Elizabeth BrennanI met my girlfriend about seven months ago and it was instant love on both sides.  She has a teenage daughter and has been on her own for about five years.  These months have been just amazing!  We never fought, gave each other everything and started to talk about moving in together.  I can’t say it enough – amazing! 

Suddenly, just two weeks ago she rang me to say she was breaking off, that things were not working, that she does love me but she thinks she has been on her own too long and needs her own space.  We were both having some work related stress and were both tired. 

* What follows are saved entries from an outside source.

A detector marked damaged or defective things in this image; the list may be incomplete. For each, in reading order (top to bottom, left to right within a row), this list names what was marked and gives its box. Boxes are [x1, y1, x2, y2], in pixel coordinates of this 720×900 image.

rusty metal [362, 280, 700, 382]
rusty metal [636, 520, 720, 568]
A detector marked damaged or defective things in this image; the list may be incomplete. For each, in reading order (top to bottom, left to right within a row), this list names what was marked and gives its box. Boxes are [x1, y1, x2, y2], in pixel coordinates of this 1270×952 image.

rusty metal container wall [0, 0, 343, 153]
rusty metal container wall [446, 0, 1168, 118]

I have no idea what to do – I love her so much and love spending time with her and her daughter.  I can’t let go because I know she still loves me, but being set in her ways, I don’t know how to crack through …

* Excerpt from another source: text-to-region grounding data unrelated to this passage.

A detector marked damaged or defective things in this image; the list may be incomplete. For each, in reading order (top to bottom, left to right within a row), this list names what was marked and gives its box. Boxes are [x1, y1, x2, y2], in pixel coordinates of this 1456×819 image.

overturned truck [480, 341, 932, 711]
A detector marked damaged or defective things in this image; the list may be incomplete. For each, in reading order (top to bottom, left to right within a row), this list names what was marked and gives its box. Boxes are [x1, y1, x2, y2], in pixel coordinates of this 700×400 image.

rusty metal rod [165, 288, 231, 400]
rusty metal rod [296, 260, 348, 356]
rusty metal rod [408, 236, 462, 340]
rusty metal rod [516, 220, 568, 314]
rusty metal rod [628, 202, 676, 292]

The pain of shattered dreams – the fading of romantic myths – is so powerful it can easily send us into the depths of despair and overwhelming helplessness.  What have I done wrong?  Where did I fail?  What do I do now?  Falling in love is just that – amazing!  And what is even more amazing is the fact that we have to ‘fall out of love’ in order to get down to the nitty gritty work of ‘loving’.

Your girlfriend has done an amazing job – raising her daughter on her own during some of the most stressful times of parenting – and evidently succeeded. I think it is not so surprising that she might be fearful of losing that strong, independent side of herself that has evolved over the past five years or so. It is also possible that her daughter is afraid of ‘losing’ her mum! Your girlfriend doesn’t want to hurt you. And you don’t want to hurt her. What can you do?

As I have mentioned previously, Romantic Love – the phenomenon of ‘falling in love’ – is one of Western society’s greatest myths.  When we ‘fall in love’ we put the one with whom we have fallen in love on a pedestal; we believe we have found a ‘soul mate’, the ‘perfect one’, the one who will meet all our needs. 

Explore deeply what you want from this relationship, how you want it to look, how it can help you become truly the person you are meant to be.  Talk to her: tell her how you love her, what you are looking for, how you understand that she possibly needs her own space, that that is okay.  Together, look at various ways in which you can continue your relationship without necessarily living together.  That works very well for lots of people! And remember, there are at least three people involved:  you, your friend and her daughter.  That makes it even more complex.

Leave the Western myth of Romantic Love aside.  True love is a cognizance that we are all human, that we have different needs, that we are entitled to those needs and that sometimes those needs might rub up against each other – and that is okay.  We don’t have to live together – we just have to love each other and accept each other.  Love is, indeed, amazing!